Banana Blossom & Lime Scented Tortilla Soup with Grilled Poblanos & Bell Pepper
Updated: Nov 19, 2021
Originally, I planned this soup to be based around jackfruit, but Ooops! Turns out, I thought my can of banana blossom was jackfruit. To be fair, both the jackfruit and banana blossom I purchase come from the same brand which has very similar packaging on the label and size of the can. That said, when I pulled out the can ready to include in my dish, and saw it was a completely different ingredient than I "wanted," I didn't have high hopes it would be a good substitute for my plan here. All I can say is thank goodness I messed that up! The banana blossom is fantastic in this recipe and honestly looks like shredded chicken for your eat-eating folk! Previously, I had always heard of banana blossom as a great "fish" alternative, but truly, I thought it looked and tasted more like shredded chicken in this soup (of course take that with a grain of salt (pun intended); I haven't had shredded chicken in several years so...).

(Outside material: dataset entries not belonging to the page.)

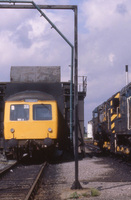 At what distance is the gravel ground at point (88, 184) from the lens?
8.80m

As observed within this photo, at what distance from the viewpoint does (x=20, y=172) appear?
46.1 ft

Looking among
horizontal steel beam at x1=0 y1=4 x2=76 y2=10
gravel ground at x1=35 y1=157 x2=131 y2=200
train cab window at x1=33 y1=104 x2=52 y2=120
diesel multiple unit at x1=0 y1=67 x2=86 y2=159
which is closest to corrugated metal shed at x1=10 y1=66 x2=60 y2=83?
diesel multiple unit at x1=0 y1=67 x2=86 y2=159

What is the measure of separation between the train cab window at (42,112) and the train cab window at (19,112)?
1.17 feet

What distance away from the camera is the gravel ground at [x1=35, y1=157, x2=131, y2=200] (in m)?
8.80

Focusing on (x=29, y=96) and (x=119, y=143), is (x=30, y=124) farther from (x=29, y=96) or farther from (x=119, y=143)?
(x=119, y=143)

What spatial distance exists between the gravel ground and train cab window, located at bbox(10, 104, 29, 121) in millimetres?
2957

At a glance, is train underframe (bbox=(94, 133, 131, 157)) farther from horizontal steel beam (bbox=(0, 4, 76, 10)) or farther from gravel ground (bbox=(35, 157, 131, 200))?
horizontal steel beam (bbox=(0, 4, 76, 10))

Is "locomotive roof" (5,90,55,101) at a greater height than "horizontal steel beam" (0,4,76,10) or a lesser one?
lesser

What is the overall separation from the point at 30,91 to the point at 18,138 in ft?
8.16

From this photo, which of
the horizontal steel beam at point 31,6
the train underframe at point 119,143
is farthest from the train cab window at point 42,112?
the horizontal steel beam at point 31,6

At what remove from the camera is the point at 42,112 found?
654 inches

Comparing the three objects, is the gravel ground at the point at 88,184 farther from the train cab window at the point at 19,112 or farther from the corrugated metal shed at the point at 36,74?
the corrugated metal shed at the point at 36,74

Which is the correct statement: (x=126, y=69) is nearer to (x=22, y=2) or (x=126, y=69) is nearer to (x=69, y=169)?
(x=69, y=169)

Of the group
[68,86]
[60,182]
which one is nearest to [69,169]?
[60,182] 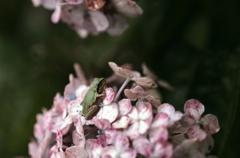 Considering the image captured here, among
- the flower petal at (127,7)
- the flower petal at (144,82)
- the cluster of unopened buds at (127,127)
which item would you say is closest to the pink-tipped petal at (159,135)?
the cluster of unopened buds at (127,127)

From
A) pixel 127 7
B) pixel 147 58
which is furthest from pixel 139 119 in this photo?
pixel 147 58

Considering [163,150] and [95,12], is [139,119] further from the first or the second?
[95,12]

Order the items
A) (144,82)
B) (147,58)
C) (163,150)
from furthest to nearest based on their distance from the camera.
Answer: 1. (147,58)
2. (144,82)
3. (163,150)

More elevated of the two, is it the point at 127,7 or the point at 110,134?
the point at 127,7

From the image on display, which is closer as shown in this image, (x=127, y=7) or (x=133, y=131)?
(x=133, y=131)

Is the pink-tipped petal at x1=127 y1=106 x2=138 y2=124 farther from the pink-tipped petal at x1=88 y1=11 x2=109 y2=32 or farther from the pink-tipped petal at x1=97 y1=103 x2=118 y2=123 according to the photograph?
the pink-tipped petal at x1=88 y1=11 x2=109 y2=32

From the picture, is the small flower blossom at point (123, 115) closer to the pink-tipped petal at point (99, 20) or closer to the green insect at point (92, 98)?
the green insect at point (92, 98) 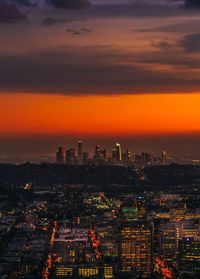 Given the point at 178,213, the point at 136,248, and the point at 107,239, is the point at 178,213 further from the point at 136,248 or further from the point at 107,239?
the point at 136,248

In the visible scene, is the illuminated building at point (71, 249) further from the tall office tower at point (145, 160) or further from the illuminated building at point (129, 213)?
the tall office tower at point (145, 160)

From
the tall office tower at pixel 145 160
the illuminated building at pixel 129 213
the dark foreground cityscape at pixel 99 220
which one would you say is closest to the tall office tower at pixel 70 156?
the dark foreground cityscape at pixel 99 220

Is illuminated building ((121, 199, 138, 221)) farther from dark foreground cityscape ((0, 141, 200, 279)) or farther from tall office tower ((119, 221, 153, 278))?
tall office tower ((119, 221, 153, 278))

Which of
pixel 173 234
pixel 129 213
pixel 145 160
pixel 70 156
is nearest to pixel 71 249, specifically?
pixel 173 234

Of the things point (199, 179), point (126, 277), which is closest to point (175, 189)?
point (199, 179)

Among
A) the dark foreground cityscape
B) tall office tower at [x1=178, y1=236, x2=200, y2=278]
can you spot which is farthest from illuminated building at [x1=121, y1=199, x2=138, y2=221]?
tall office tower at [x1=178, y1=236, x2=200, y2=278]

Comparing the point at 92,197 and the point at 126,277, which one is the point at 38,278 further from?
the point at 92,197

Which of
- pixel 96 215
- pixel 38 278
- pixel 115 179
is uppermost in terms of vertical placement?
pixel 115 179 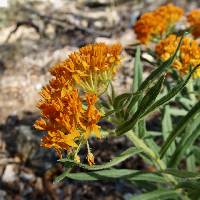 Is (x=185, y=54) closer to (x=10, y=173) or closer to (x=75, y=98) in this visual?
(x=75, y=98)

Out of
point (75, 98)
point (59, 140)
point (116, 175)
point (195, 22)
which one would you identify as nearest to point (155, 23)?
point (195, 22)

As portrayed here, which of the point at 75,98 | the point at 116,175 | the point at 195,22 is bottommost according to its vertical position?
the point at 116,175

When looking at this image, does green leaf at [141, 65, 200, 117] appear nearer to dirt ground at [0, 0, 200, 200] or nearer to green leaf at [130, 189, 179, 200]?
green leaf at [130, 189, 179, 200]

This soup is a great mix on Mexican-Spanish flavors and is citrus forward so it's nice and light for summer while still giving you heady doses of vegetables (which I grill for more summer "flair") and spices. I used a local (Co-Op Sauce) hot sauce that I adore (and that supports the community!) but feel free to sub your personal favorite - really any sauce with some heat & smoky flavors will present well here.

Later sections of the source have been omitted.